### Assignment
Transcribe the records below exactly as written, from the opening line through the line that contains "Women's oversized hooded".

[Collection entries]
((

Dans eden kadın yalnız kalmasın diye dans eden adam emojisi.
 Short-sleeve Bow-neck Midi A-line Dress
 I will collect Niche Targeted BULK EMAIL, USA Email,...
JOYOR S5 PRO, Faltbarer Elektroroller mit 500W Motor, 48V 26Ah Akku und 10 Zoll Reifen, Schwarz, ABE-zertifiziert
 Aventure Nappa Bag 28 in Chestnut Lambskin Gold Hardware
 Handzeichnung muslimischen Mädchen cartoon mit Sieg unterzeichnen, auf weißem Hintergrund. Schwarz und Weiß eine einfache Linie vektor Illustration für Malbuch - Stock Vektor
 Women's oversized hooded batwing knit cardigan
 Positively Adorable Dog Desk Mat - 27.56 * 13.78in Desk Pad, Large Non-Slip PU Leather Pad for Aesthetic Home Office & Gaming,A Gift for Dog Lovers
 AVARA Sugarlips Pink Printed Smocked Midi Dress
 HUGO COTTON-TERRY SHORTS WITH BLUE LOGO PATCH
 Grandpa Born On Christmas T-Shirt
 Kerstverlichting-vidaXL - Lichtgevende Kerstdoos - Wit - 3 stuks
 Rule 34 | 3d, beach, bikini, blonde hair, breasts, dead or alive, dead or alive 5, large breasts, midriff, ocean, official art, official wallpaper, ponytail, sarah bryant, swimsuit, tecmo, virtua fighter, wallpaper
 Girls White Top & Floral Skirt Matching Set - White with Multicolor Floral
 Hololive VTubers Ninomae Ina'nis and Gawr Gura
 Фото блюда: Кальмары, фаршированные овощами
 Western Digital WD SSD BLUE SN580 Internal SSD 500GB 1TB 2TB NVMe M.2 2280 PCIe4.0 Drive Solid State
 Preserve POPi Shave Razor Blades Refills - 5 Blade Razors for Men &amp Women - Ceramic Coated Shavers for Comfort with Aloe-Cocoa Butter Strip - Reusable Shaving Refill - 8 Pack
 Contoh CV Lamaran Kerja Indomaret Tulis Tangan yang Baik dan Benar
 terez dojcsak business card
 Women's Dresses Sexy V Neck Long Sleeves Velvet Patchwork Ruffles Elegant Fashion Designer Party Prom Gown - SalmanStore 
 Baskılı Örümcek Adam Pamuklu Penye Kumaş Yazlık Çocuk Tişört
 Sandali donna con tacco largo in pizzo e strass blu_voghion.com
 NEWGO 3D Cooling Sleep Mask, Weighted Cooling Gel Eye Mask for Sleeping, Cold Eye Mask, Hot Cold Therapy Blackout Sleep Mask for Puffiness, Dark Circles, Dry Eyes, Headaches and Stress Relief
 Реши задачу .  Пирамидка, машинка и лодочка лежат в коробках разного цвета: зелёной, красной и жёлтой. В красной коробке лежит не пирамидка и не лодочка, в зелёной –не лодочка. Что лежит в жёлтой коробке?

))

### Reply to the task
Dans eden kadın yalnız kalmasın diye dans eden adam emojisi.
 Short-sleeve Bow-neck Midi A-line Dress
 I will collect Niche Targeted BULK EMAIL, USA Email,...
JOYOR S5 PRO, Faltbarer Elektroroller mit 500W Motor, 48V 26Ah Akku und 10 Zoll Reifen, Schwarz, ABE-zertifiziert
 Aventure Nappa Bag 28 in Chestnut Lambskin Gold Hardware
 Handzeichnung muslimischen Mädchen cartoon mit Sieg unterzeichnen, auf weißem Hintergrund. Schwarz und Weiß eine einfache Linie vektor Illustration für Malbuch - Stock Vektor
 Women's oversized hooded batwing knit cardigan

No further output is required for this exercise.